In short: A German Arbeitszeugnis (employer reference) must by law be benevolent and truthful at once — so criticism can’t be stated openly. Instead it’s encoded: how enthusiastically your performance is praised maps to a hidden school grade. “stets zu unserer vollsten Zufriedenheit” = top marks; “hat sich bemüht” (tried hard) = a fail. This guide decodes the system.
If you’ve worked in Germany, you’ll receive an Arbeitszeugnis when you leave — and you’re legally entitled to one (§ 109 GewO). (For the other German terms in this guide, see the glossary.) A qualified reference evaluates your performance and conduct.
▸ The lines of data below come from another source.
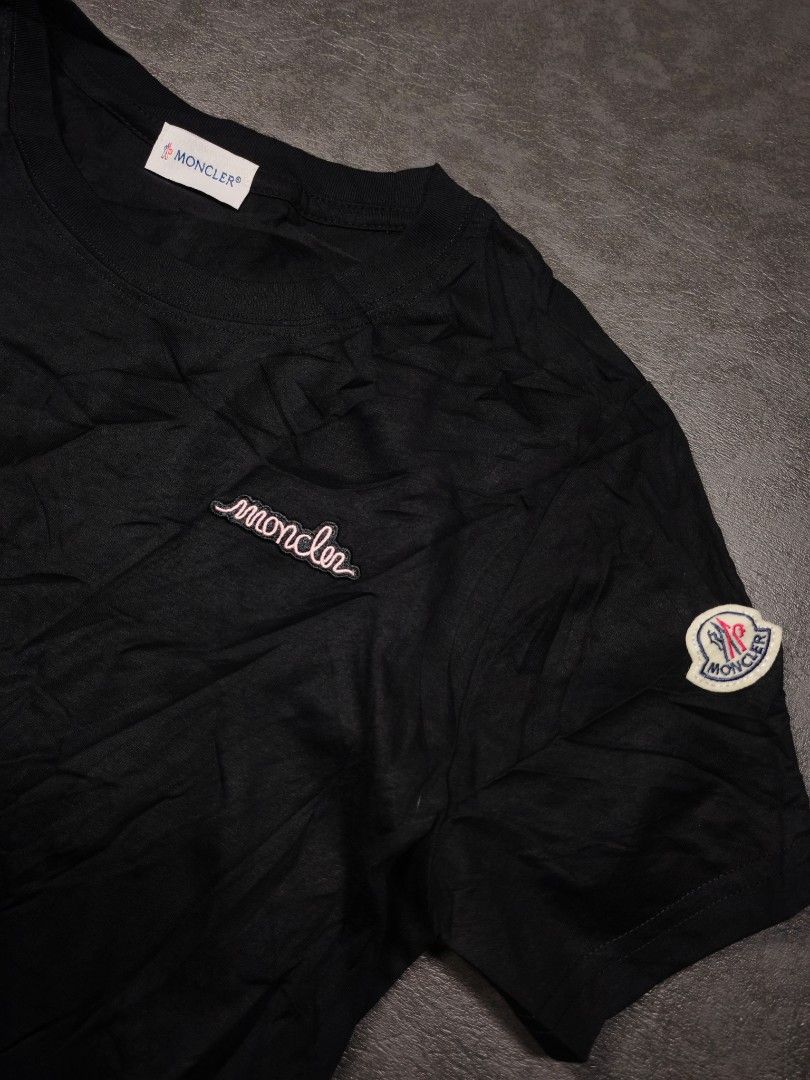 Moncler Cursive Script Cotton Shirt (Category: Shirts) located in Kalibo. Submitted by relivethearchives (Listing ID 1462705372, Image 2). Description: Moncler Cursive Script Cotton Shirt in Excellent to as New Condition Size Large Women on tag DIMES Width: 17 Length: 22 📍 Need Wash.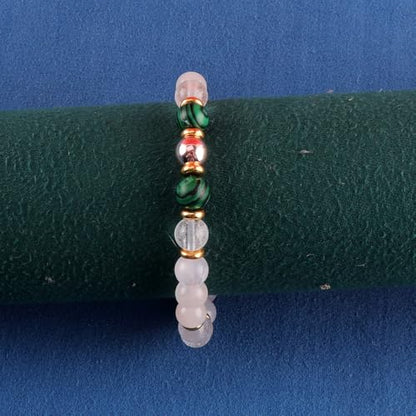 KSQS Healing Stone Bead Bracelet for Women, Natural Gemstones Balance Protection Bracelet, Spiritual Crystal Beads Bracelet Anxiety Relief with Meaning Card - color: Grief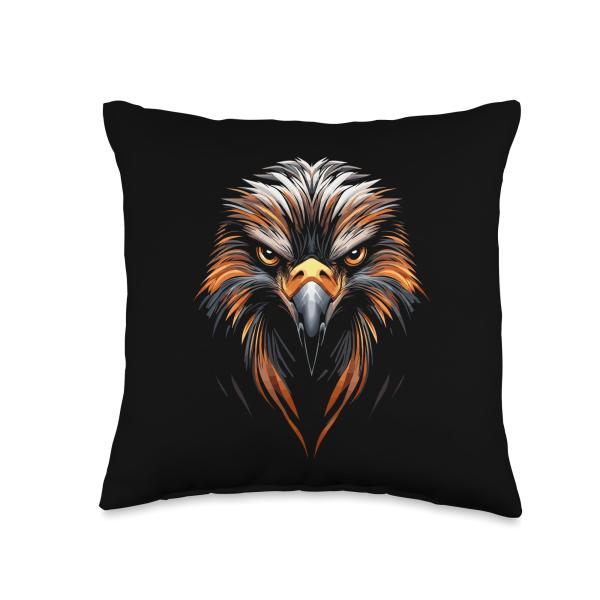 Vulture Bird of Prey I Love Vultures Cute Vulture Throw Pillow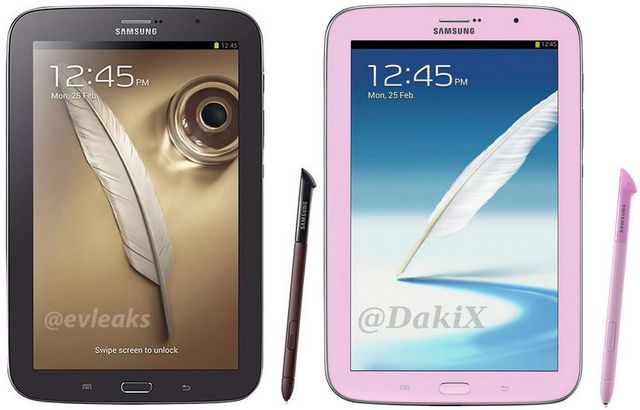 Утечки: Samsung Galaxy Note 8.0 коричневого и розового цветов Утечки: Samsung Galaxy Note 8.0 коричневого и розового цветов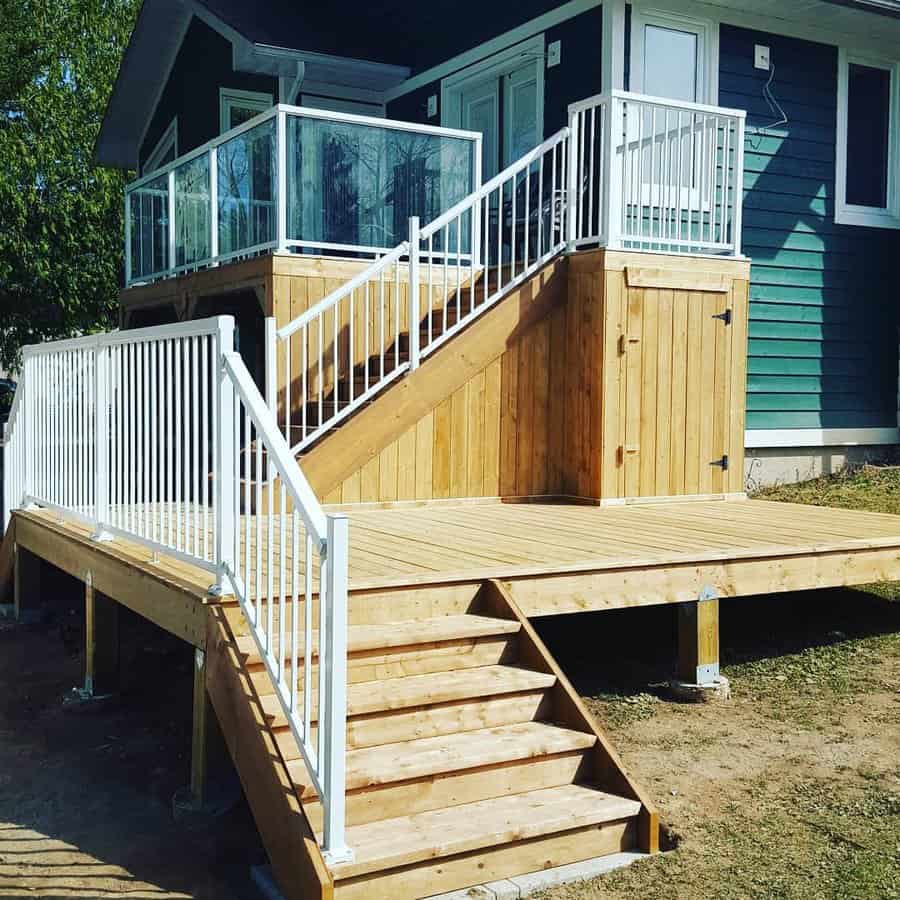 Glass Wood Deck Railing Ideas Decksandfencesbydesign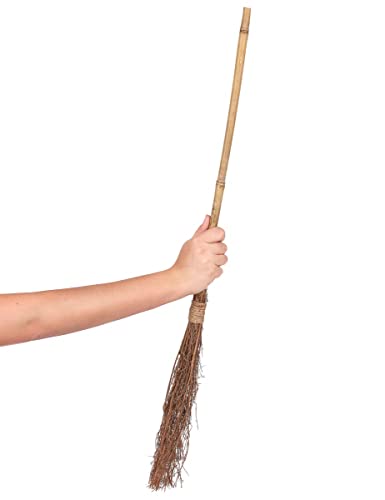 DEGUISE TOI - Balai de sorcière en Bois 88 cm - [Baguette/Balais/Cannes/Sceptres/Batons/F – vue 2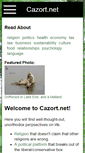 Mobile Screenshot of cazort.net
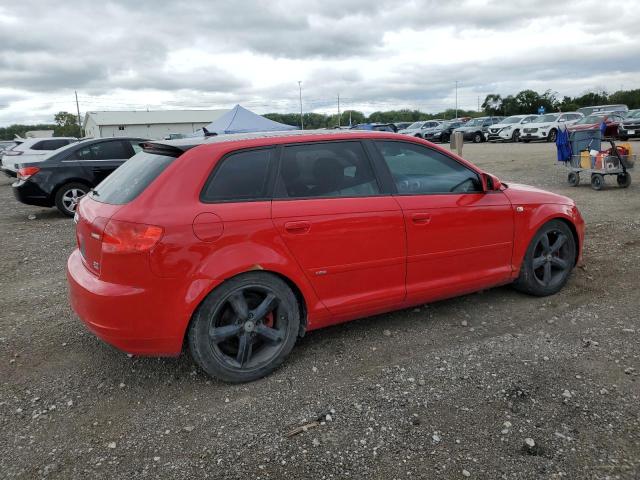 WAUKD98P97A021952 - 2007 AUDI A3 S-LINE 3.2 QUATTRO RED photo 3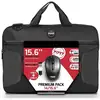 Image de Premium Pack : Sacoche Pour Pc Portable 15 + Souris Sans Fil + Dungle Usb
The catch is a legal paradox: it must be truthful yet benevolently phrased, so employers can’t write anything openly negative. The workaround is a coded language (Zeugnissprache) that reads positive on the surface. Here’s how to read what it actually says.
German school grades are inverted vs. the Anglo A–F: 1 = excellent, 2 = good, 3 = satisfactory, 4 = adequate, 5 = poor, 6 = fail.
The three mechanics behind (almost) every code
Once you see these, most phrases decode themselves:
- Intensifier stacking. A grade is built from three levers: a time-adverb (stets / immer / jederzeit) × an intensity word (hervorragend / gut …) × the verb (erzielte = achieved vs. bemühte sich = tried). Grade 1 stacks all three; each lever you remove drops it roughly one grade.
- The missing “stets”. Dropping stets / immer / jederzeit silently downgrades a full grade. Its absence is the code.
- Effort verbs = failure. bemühte sich / war bemüht, versuchte, zeigte Interesse (interest instead of achievement) all signal grade 5–6, no matter the surrounding praise. “stets bemüht” is the single most notorious failing code.
The grade formula
The backbone — the Zufriedenheit (satisfaction) sentence:
| What it says | Grade |
|---|---|
| stets zu unserer vollsten Zufriedenheit | 1 — excellent |
| stets zu unserer vollen Zufriedenheit | 2 — good |
| zu unserer vollen Zufriedenheit | 3 — satisfactory (the legal average) |
| zu unserer Zufriedenheit | 4 — adequate |
| im Großen und Ganzen zu unserer Zufriedenheit | 5 — poor |
| hat sich bemüht | 6 — fail |
Watch for restrictor words — im Allgemeinen, im Großen und Ganzen, insgesamt, grundsätzlich, meist — anywhere. They always pull a grade down.
Performance and motivation codes
The same stacking logic runs through every quality. A few high-confidence examples:
| Phrase | What it means |
|---|---|
| erledigte alle Aufgaben stets zu unserer vollsten Zufriedenheit | top performer |
| Arbeitszeit korrekt ausgenutzt | clock-watcher — left exactly on time, never went beyond |
| verfügt über Fachwissen und ein gesundes Selbstvertrauen | knowledge isn’t strong — masked with over-confidence |
| zeigte Verständnis und Interesse für seine Arbeit | understood the job but didn’t do it — lazy |
| verstand es, alle Aufgaben zu delegieren | offloaded his own work onto colleagues |
| erledigte alle Aufgaben pflichtbewusst und ordnungsgemäß | a box-ticker with zero initiative |
| setzte sich im Rahmen ihrer Fähigkeiten ein | abilities were minimal |
Social conduct — and the naming order
Conduct is graded on the same ladder (vorbildlich (1) › einwandfrei (2–3) › korrekt (4) › gab keinen Anlass zu Beanstandungen (4) › stets bemüht (5)). But conduct has an extra layer: the order in which people are named.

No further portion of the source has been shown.